Aus München meldete sich schließlich ein Marcos-Besitzer, der ein Coupé mit dem gesuchten Dreilitermotor von Volvo besaß. Matthias erinnert sich: „Der Besitzer hatte von Technik nicht die geringste Ahnung. Anstatt beim Kaltstart den Choke zu benutzen, von dem er gar nichts wusste, sprühte er Startpilot in den Vergaser.“ Für den TVR-Mann war deshalb klar, er musste diesen Marcos kaufen und ihn damit aus diesen unkundigen Händen befreien. Der Zustand der Karosserie erforderte die Ausbesserung von diversen Rissen und eine komplette Neulackierung.

An seinen Engländern gibt's immer etwas zu verbessern

Derartige Spezialarbeiten überlässt England-Fan Matthias lieber einem Experten. Bei dieser Gelegenheit erhielt der Marcos das für den TVR mitgelieferte Faltschiebedach eingebaut. „Wegen der flacheren Windschutzscheibe wird es im Marcos noch etwas heißer als im TVR“, erläutert Glock den Umbau.

Fast alle Montagearbeiten am Chassis bis zum Motorausbau erledigt der TVR- und Marcos-Fahrer ansonsten in Eigenregie, fast immer unterstützt durch seine Ehefra Lifia. Und zu tun gibt es immer etwas – weniger Reparaturen, aber dafür „kleine Verbesserungen“. So ersetzen am großen Volvo-Sechszylinder drei Weber-Doppelvergaser die beiden serienmäßigen Stromberg-Gasfabriken. Ein ortsansässiger Spezialist lieferte dazu eine speziell für den Marcos konstruierte Ansaugbrücke.

Schrauberfreundliche Bauweise

Die fast identische Bauweise von TVR und Marcos – auf einen Gitterrohrrahmen aus Vierkantrohren ist eine Karosserie aus Kunststoff aufgesetzt – erleichtert Wartungs- und Montagearbeiten ganz erheblich. Dank großzügig bemessener Motorhauben sind beispielsweise Motor und Vorderradaufhängungen sehr gut zugänglich. Auch der TVR erhielt übrigens einige „kleine Verbesserungen“ wie Fächerkrümmer und einen Holley-Vergaser.

Trotz Marcos und TVR war bei Matthias der Hunger nach den verrückten Engländern noch nicht gestillt. Ein Achtzylinder musste her – aber bitte kein Morgan, zu teuer und zu konventionell. „Außerdem gefiel mir die Ginetta G33 optisch ganz hervorragend. Ich kannte ja diese Autos schon von Kindheit an aus meinen Büchern“, berichtet Matthias.

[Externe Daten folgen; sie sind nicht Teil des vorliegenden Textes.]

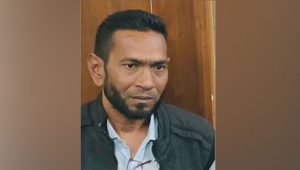 বরিশালে ভাড়া বাসা থেকে এক ব্যক্তির রক্তাক্ত মরদেহ উদ্ধার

Marcos 3 Litre, Heckansicht Foto: Dino Eisele
Langstreckenwagen: Der Marcos bietet am meisten Platz und ist dank des laufruhigen 3-Liter-Reihenmotors von Volvo akustisch recht zurückhaltend. Das Fahrwerk mit hinterer Starrachse ist komfortabler, als es auf dem Papier erscheint.

Ginetta G33 von 1991 im Retro-Look

Tatsächlich entspricht die 1985 neu aufgelegte Karosserie des G33 – zunächst als G27 mit Ford-Vierzylinder – optisch weitgehend dem Ginetta-Urmodell G4 von 1961, das einem geschrumpften Jaguar D-Type ohne Heckfinne gleicht. Außerdem bilden vier Liter Hubraum, 203 PS und 900 kg Gewicht einen weiteren Kaufanreiz.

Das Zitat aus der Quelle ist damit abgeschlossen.